Noon in Korea uses writers that are fluent in both Korean and English. We have learned that there is quite a demand, well er … thirst, for Korean news but that demand is not being met due to the language barrier and poor translation. When translated into English, Korean news doesn’t quite sound right or is even readable. Some of this is inevitable — you can’t get around the names of people and places that are hard to pronounce and hard to remember. Nor can you fully explain some of the peculiarities of another culture and customs to English speakers.
So we decided to add some new dimensions to how Korean news is translated into English. We will add some pizzazz to our writing style — not necessarily to attract readership but to convey what is not quite translatable. We will do deep dives into Korean language newspapers and broadcasts to discover what Koreans are actually thinking and talking about. They can be rather difficult to understand, as they often use historical references and Chinese letters to deliver full nuances and complex parallels. Therefore, it has been our experience that certain cultural and language barriers remain quite persistent. Here, we will try to overcome them, however, by sourcing, translating and sometimes interpreting Korean news that do not quite make it to English language newspapers.
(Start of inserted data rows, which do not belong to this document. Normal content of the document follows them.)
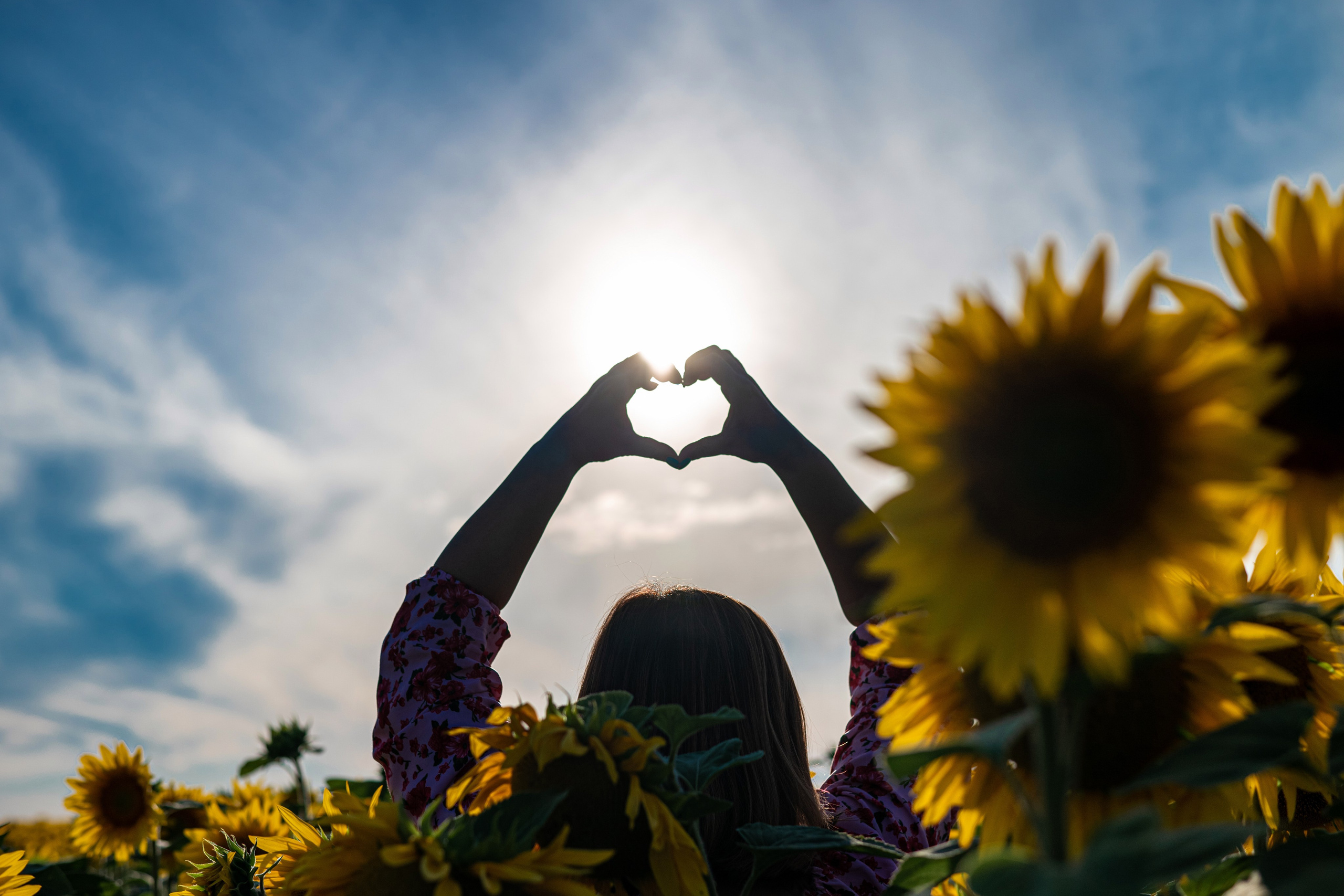 Катя в подсолнухах. Профессиональный интерьерный и репортажный фотограф Минск и РБ. Максим Орлов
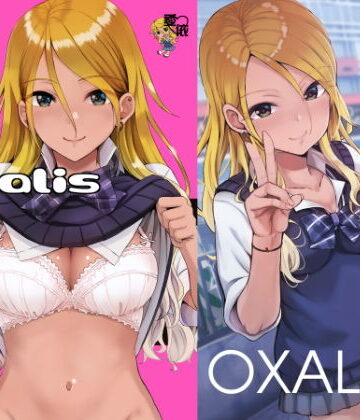 【完全無料】oxalis｜d_177723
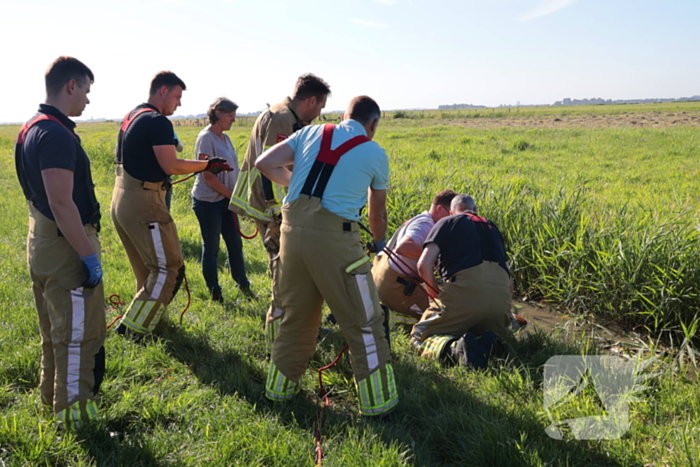 Paard succesvol gered uit sloot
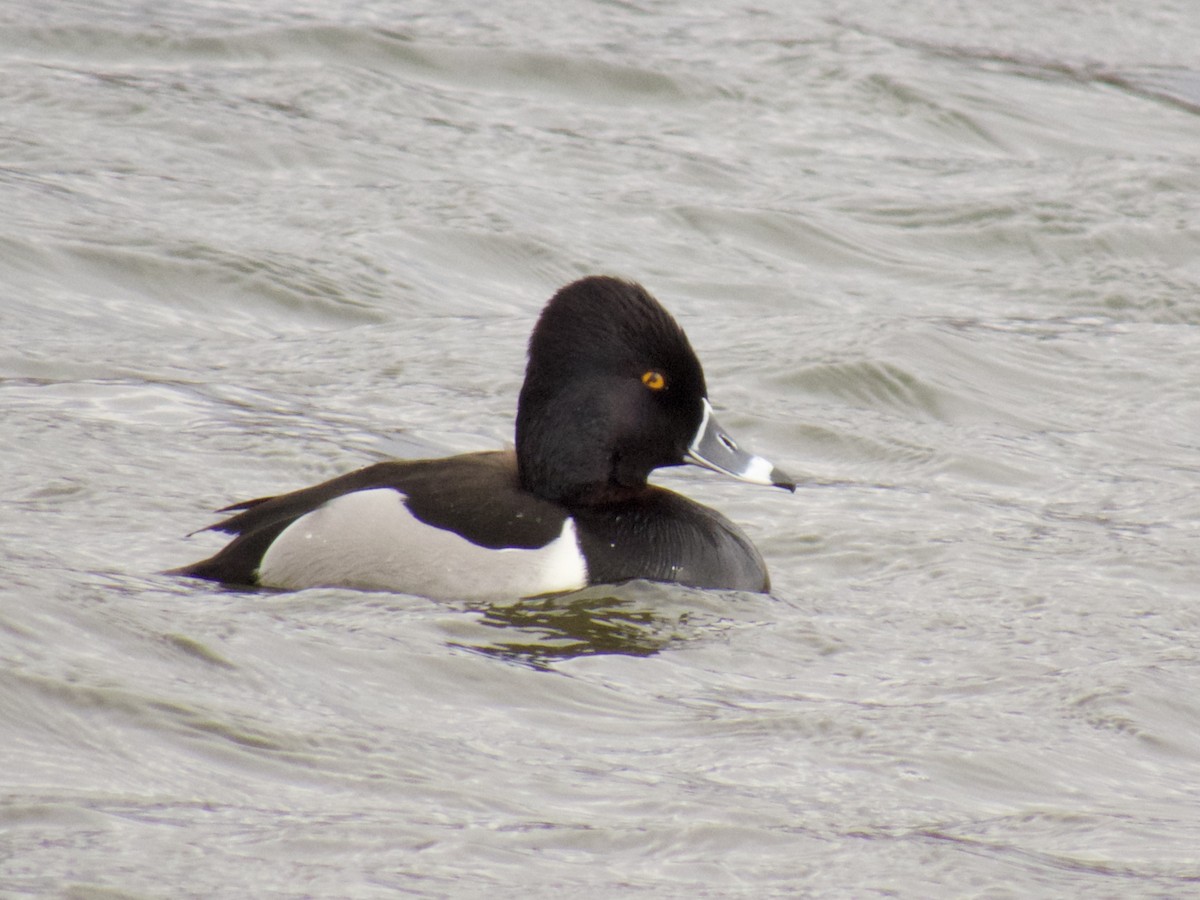 Ring-necked Duck - A Branch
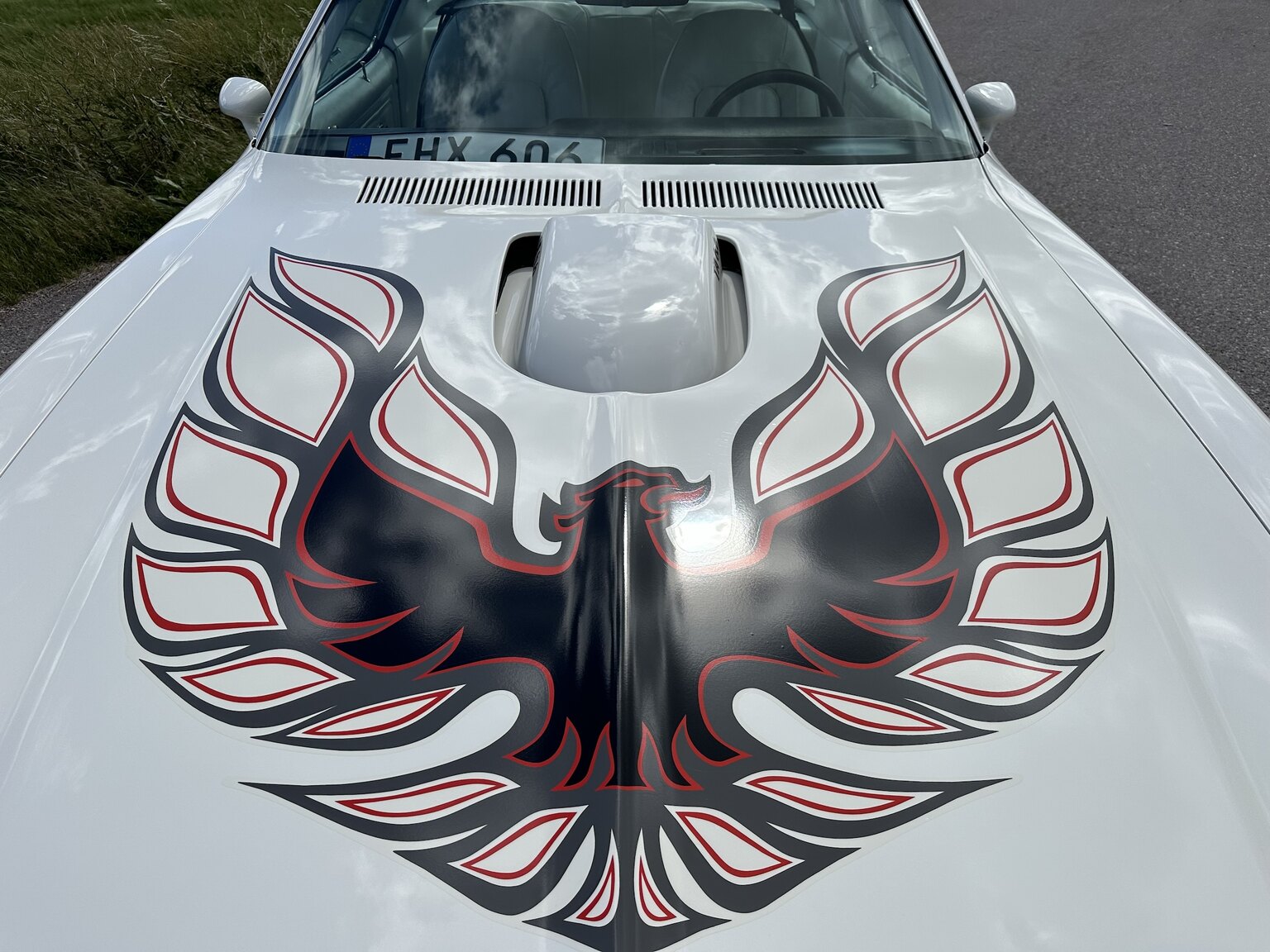 Exterior image of 1976 Pontiac Firebird Trans Am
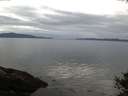 ./images/koeye/fitz-hugh/20141008/fitz-hugh20141008_074502.jpg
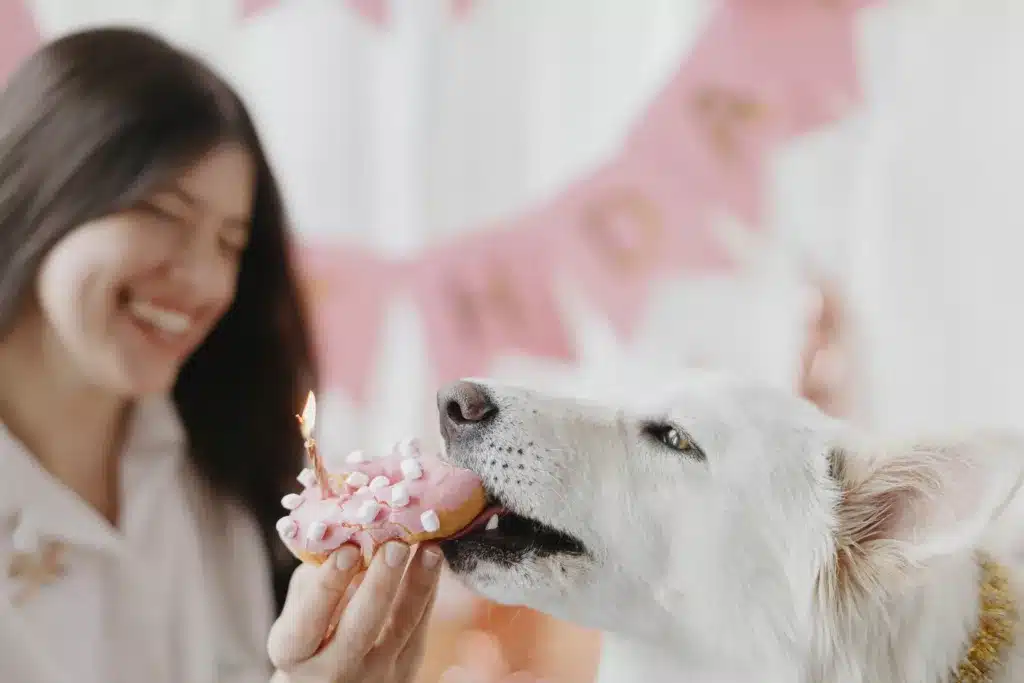 Moça alimentando cachorro em pet shop com bolo. Sebrae RN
We provide authentic Korean news in readable English. We do so in a refreshing and irreverent manner, if at all possible. We also provide some analyses and opinions. We will clearly mark them so, however, and you will be able to tell when it’s our opinion rather than news: “We at Noon in Korea believe …”
All pictures used are either originals or from Creative Commons with full attribution. Others are embedded YouTube videos, Tweets or Facebook posts with direct links for fair use.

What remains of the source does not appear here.